You are viewing a plain text version of this content. The canonical link for it is here.

Posted to dev@mahout.apache.org by Aditya Sarawgi <sa...@gmail.com> on 2012/03/01 06:31:32 UTC

psvm

Hello,

I am looking to implement psvm for Mahout as a part of of my coursework.
The reference paper is
http://books.nips.cc/papers/files/nips20/NIPS2007_0435.pdf
and there is a implementation over http://code.google.com/p/psvm/ which
uses MPI.
Any ideas, pointers are much appreciated.

Thanks
Aditya Sarawgi

Re: psvm

Posted by "Edward J. Yoon" <ed...@apache.org>.

> Btw on the benchmarks page, its not clear if the tests are for hadoop or
> hama.

It shows BSP computing performance of Apache Hama.

Hadoop is only used as a filesystem.

On Thu, Mar 1, 2012 at 4:33 PM, Aditya Sarawgi <sa...@gmail.com> wrote:
> Hi,
>
> This does look interesting. Please give me some time to read up on stuff
> and evaluate if
> its feasible to implement psvm using BSP.
> Btw on the benchmarks page, its not clear if the tests are for hadoop or
> hama.
> Am I missing something ?
>
> Thanks
> Aditya Sarawgi
>
> On Thu, Mar 1, 2012 at 1:51 AM, Thomas Jungblut <tj...@apache.org>wrote:
>
>> Hi Aditya,
>>
>> I'm from the Apache Hama team, we are working on a BSP (Bulk Synchronous
>> Parallel) Engine.
>> BSP is quite like MPI, just with 2 primitives (barrier sync and message
>> send), I don't know if it is enough for your algorithm, but I would be very
>> interested in implementing it with BSP and Apache Hama.
>>
>> I have already implemented a k-means clustering with BSP [1] which is much
>> more faster than the MapReduce implementation [2].
>> I plan to contribute it over the next few months to Mahout, since I think
>> BSP is a missing part of large scale machine learning (currently I just see
>> MapReduce implementations everywhere), you would help to give Mahout
>> another good example of BSP and machine learning.
>> And it would of course help me to convince the Mahout team of the usage of
>> Apache Hama ;)
>>
>> If you are interested, I'd be glad to hear from you.
>>
>> Best regards,
>> Thomas
>>
>> [1]
>> https://github.com/thomasjungblut/thomasjungblut-common/blob/master/src/de/jungblut/clustering/KMeansBSP.java
>>
>> [2]  http://wiki.apache.org/hama/Benchmarks (scroll down a bit)
>>
>> Am 1. März 2012 06:31 schrieb Aditya Sarawgi <sa...@gmail.com>:
>>
>> Hello,
>>>
>>> I am looking to implement psvm for Mahout as a part of of my coursework.
>>> The reference paper is
>>> http://books.nips.cc/papers/files/nips20/NIPS2007_0435.pdf
>>> and there is a implementation over http://code.google.com/p/psvm/ which
>>> uses MPI.
>>> Any ideas, pointers are much appreciated.
>>>
>>> Thanks
>>> Aditya Sarawgi
>>>
>>
>>



-- 
Best Regards, Edward J. Yoon
@eddieyoon

Re: psvm

Posted by Aditya Sarawgi <sa...@gmail.com>.

Hi,

This does look interesting.

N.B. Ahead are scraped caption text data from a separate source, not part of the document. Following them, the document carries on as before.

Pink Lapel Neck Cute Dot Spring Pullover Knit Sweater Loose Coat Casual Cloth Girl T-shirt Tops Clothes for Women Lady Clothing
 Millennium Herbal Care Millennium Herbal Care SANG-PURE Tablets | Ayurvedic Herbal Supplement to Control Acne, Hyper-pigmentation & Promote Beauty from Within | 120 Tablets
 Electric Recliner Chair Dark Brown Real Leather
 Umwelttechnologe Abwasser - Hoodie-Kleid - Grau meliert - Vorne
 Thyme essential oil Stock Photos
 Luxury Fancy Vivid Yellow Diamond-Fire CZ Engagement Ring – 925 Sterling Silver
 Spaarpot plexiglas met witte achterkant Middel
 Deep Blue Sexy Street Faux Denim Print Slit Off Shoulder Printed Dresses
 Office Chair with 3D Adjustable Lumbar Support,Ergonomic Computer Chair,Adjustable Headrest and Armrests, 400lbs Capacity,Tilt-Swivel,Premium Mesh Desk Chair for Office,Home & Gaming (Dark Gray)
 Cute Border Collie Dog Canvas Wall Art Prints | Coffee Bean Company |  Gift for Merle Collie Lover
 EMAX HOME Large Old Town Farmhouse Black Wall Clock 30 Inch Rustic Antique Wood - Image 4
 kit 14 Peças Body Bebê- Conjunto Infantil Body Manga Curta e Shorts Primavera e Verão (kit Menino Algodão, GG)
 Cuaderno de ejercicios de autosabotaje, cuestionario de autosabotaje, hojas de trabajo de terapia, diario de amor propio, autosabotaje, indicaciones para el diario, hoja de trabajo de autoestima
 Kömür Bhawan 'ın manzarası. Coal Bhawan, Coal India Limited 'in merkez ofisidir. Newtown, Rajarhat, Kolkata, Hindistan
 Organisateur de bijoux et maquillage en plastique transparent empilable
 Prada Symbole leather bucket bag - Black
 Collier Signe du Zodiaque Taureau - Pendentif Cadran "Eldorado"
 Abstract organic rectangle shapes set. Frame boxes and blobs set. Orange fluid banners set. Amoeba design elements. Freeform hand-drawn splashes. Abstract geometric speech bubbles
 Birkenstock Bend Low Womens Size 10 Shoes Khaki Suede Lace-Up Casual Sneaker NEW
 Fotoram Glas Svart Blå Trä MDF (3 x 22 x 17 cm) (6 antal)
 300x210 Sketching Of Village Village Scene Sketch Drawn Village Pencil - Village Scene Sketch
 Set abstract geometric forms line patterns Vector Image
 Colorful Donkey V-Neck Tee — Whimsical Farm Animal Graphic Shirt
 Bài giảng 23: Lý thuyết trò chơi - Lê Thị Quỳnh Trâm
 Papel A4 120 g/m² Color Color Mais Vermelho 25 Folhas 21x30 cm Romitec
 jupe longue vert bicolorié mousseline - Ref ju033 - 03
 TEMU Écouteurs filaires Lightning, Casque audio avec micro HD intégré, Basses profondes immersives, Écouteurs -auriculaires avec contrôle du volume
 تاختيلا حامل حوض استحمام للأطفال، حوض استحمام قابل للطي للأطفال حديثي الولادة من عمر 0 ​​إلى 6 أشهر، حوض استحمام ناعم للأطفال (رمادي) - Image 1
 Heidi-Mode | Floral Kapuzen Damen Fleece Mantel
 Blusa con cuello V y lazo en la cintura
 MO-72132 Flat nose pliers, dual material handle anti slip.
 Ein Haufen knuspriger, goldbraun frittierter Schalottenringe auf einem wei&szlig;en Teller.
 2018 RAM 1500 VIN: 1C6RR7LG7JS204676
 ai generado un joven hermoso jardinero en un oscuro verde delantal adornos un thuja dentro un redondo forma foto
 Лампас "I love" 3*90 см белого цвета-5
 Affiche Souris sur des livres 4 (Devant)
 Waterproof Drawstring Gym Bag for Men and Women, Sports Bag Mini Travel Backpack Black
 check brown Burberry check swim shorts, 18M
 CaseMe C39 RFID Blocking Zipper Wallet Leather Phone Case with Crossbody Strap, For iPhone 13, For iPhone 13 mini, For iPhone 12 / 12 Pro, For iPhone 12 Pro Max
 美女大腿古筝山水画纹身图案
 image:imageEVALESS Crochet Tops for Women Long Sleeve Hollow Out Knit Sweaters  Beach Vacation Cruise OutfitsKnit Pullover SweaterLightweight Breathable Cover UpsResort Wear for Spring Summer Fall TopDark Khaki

Please give me some time to read up on stuff
and evaluate if
its feasible to implement psvm using BSP.
Btw on the benchmarks page, its not clear if the tests are for hadoop or
hama.
Am I missing something ?

Thanks
Aditya Sarawgi

On Thu, Mar 1, 2012 at 1:51 AM, Thomas Jungblut <tj...@apache.org>wrote:

> Hi Aditya,
>
> I'm from the Apache Hama team, we are working on a BSP (Bulk Synchronous
> Parallel) Engine.
> BSP is quite like MPI, just with 2 primitives (barrier sync and message
> send), I don't know if it is enough for your algorithm, but I would be very
> interested in implementing it with BSP and Apache Hama.
>
> I have already implemented a k-means clustering with BSP [1] which is much
> more faster than the MapReduce implementation [2].
> I plan to contribute it over the next few months to Mahout, since I think
> BSP is a missing part of large scale machine learning (currently I just see
> MapReduce implementations everywhere), you would help to give Mahout
> another good example of BSP and machine learning.
> And it would of course help me to convince the Mahout team of the usage of
> Apache Hama ;)
>
> If you are interested, I'd be glad to hear from you.
>
> Best regards,
> Thomas
>
> [1]
> https://github.com/thomasjungblut/thomasjungblut-common/blob/master/src/de/jungblut/clustering/KMeansBSP.java
>
> [2]  http://wiki.apache.org/hama/Benchmarks (scroll down a bit)
>
> Am 1. März 2012 06:31 schrieb Aditya Sarawgi <sa...@gmail.com>:
>
> Hello,
>>
>> I am looking to implement psvm for Mahout as a part of of my coursework.
>> The reference paper is
>> http://books.nips.cc/papers/files/nips20/NIPS2007_0435.pdf
>> and there is a implementation over http://code.google.com/p/psvm/ which
>> uses MPI.
>> Any ideas, pointers are much appreciated.
>>
>> Thanks
>> Aditya Sarawgi
>>
>
>

Re: psvm

Posted by Thomas Jungblut <tj...@apache.org>.

Hi Aditya,

I'm from the Apache Hama team, we are working on a BSP (Bulk Synchronous
Parallel) Engine.
BSP is quite like MPI, just with 2 primitives (barrier sync and message
send), I don't know if it is enough for your algorithm, but I would be very
interested in implementing it with BSP and Apache Hama.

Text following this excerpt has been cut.